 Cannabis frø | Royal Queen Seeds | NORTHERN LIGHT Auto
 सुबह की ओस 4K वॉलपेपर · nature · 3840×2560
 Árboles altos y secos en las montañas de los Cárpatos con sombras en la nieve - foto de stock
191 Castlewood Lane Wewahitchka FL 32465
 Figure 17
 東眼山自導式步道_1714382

* * * * * * *

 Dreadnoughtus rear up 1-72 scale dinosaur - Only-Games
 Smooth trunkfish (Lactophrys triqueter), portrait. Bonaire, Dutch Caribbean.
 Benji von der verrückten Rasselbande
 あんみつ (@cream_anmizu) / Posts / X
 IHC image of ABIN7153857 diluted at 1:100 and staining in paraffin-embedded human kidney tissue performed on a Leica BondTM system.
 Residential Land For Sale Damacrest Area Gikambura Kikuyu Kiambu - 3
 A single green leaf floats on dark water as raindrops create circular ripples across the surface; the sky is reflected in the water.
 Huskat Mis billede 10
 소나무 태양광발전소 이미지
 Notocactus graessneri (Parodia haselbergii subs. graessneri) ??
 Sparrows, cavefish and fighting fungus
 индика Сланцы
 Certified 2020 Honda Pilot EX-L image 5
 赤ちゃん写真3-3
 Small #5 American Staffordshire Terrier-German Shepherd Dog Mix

* * * * * * *

● ACTIVITY: Using the entries above, repeat only the lines from the one containing "あんみつ (@cream_anmizu) / Posts / X" through the one containing "Small #5 American", end lines included.

● ANSWER SECTION:
 あんみつ (@cream_anmizu) / Posts / X
 IHC image of ABIN7153857 diluted at 1:100 and staining in paraffin-embedded human kidney tissue performed on a Leica BondTM system.
 Residential Land For Sale Damacrest Area Gikambura Kikuyu Kiambu - 3
 A single green leaf floats on dark water as raindrops create circular ripples across the surface; the sky is reflected in the water.
 Huskat Mis billede 10
 소나무 태양광발전소 이미지
 Notocactus graessneri (Parodia haselbergii subs. graessneri) ??
 Sparrows, cavefish and fighting fungus
 индика Сланцы
 Certified 2020 Honda Pilot EX-L image 5
 赤ちゃん写真3-3
 Small #5 American Staffordshire Terrier-German Shepherd Dog Mix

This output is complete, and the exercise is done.